According to my experience infrastracture metrics by default are using baselines and static thresholds as well... we’ve got reports from Dynatrace not only when static threshold were used but when change from pattern was to big as well. Why do you assume that there are only static thresholds?

Sebastian

Regards, Sebastian

kohei-saito · ‎16 Jan 2019

Hi @sebastian k.

Oh, is that so?

The reason why I consider that infrastructure monitoring uses only static thresholds is the following URL.

https://www.dynatrace.com/support/help/shortlink/p...

This page seems to say that automated baseline can be used only for applications or services monitoring and infrastructure metrics aren't monitored with baselines.

Maybe, am I misunderstanding this description...?

skrystosik · ‎16 Jan 2019

Hmm I'm not sure but generaly situation like high CPU or low disk space is quite static. 95% of CPU usage isnt good the same like 2% of free storage. So such thresholds may be static. Maybe I've got notifications that were matching configured static thresholds and I've taken them as baselines violations. It's interesting

Regards, Sebastian

waikeat_chan · ‎16 Jan 2019

Hi Kohei,

Your understanding is exactly my understanding as well:

For service and application:

- 'Automatic' means baseline is used, we can configured how far off we are, from the baseline, before an alert is raised.

- 'Static' means use static threshold/SLA albeit baseline has been generated

For Infra

- No baseline is ever generated. Everything is static threshold, 'automatic' means use default threshold of the tool

- 'Static' means you use your own threshold.

So seems like the word 'automatic' carries different meaning (huge different) in the context of service and application, vs in the context of infra.

But again, this is my observation, I might be wrong, let's wait for some Dynatrace staff to chirp in.

kohei-saito · ‎18 Jan 2019

Hi Wai,

thanks for your additional explanation!

Yes, what you mean is as well as my understanding.

'Automatic' in infrastructure thresholds means just like 'default thresholds Dynatrace suggests'

By the way, that reminds me that I posted a question about the meaning of 'Automatic' in the point of view of infrastructure monitoring.

The post is the following:

https://community.dynatrace.com/questions/208354/what-does-automatically-in-the-view-of-anomaly-det....

wolfgang_beer · ‎16 Jan 2019

Within Infrastructure metrics you can go with the 'automatic' mode as well but that does mean that Dynatrace decides on a good default threshold. You can overwrite the automatic mode by setting your own static thresholds.

You are right that we do automatically baseline all key performance metrics, error rate and traffic in a dimensional baseline cube (time to first byte, speed index, response time, visually complete, DOM interactive) as well as the service response time and error rates.

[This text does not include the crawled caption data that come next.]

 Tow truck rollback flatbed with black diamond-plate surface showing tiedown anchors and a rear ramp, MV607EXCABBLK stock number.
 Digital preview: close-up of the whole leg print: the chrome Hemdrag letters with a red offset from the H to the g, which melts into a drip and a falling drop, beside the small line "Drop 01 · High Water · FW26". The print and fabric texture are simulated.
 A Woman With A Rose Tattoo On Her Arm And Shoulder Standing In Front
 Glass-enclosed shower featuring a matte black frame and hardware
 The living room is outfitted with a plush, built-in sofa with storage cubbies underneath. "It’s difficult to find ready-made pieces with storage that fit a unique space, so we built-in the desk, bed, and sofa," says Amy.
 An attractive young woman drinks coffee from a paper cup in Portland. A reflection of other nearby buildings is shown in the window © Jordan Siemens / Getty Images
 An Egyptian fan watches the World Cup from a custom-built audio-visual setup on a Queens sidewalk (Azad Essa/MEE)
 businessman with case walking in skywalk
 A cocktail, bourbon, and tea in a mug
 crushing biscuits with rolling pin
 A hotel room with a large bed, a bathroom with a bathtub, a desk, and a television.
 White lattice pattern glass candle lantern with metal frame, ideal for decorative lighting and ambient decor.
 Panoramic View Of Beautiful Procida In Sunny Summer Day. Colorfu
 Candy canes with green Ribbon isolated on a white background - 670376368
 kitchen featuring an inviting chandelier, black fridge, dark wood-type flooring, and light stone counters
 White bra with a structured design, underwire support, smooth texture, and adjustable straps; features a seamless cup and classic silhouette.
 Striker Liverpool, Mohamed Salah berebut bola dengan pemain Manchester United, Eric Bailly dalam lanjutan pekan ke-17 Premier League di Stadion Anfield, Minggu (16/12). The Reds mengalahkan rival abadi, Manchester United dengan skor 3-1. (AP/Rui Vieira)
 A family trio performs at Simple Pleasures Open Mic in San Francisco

Within infrastructure metrics the automatic mode in many cases means to use the best practice standards that the individual vendors propose, such as thresholds introduced by AWS, VMWare, etc.

skrystosik · ‎16 Jan 2019

thx for explanation 🙂

Regards, Sebastian

rohit_sharma · ‎16 Jan 2019

@Wolfgang B. Can we export the automatic configured threshold values(individual vendor proposed) for infrastructure being used in dynatrace ?

dave_mauney · ‎16 Jan 2019

The static threshold technique is evolving with the new AI 2.0:

https://www.dynatrace.com/news/blog/enhanced-ai-ro...

kohei-saito · ‎18 Jan 2019

Hi Dave,

thanks for your information.

Exactly, 2nd generation AI makes better analysis!

Does this enable Dynatrace system to use automatically generated baseline for infrastructure monitoring?

dave_mauney · ‎18 Jan 2019

From the blog above, it appears more that it looks at deviation from the norm. Similar to a baseline, but I believe a bit more flexible. This quote is key: "The example below shows how the new AI detects root causes without triggering false-positive alerts. The root-cause analysis states that the unhealthy host shows a 75% CPU usage increase as well as an increased number of Tomcat busy threads."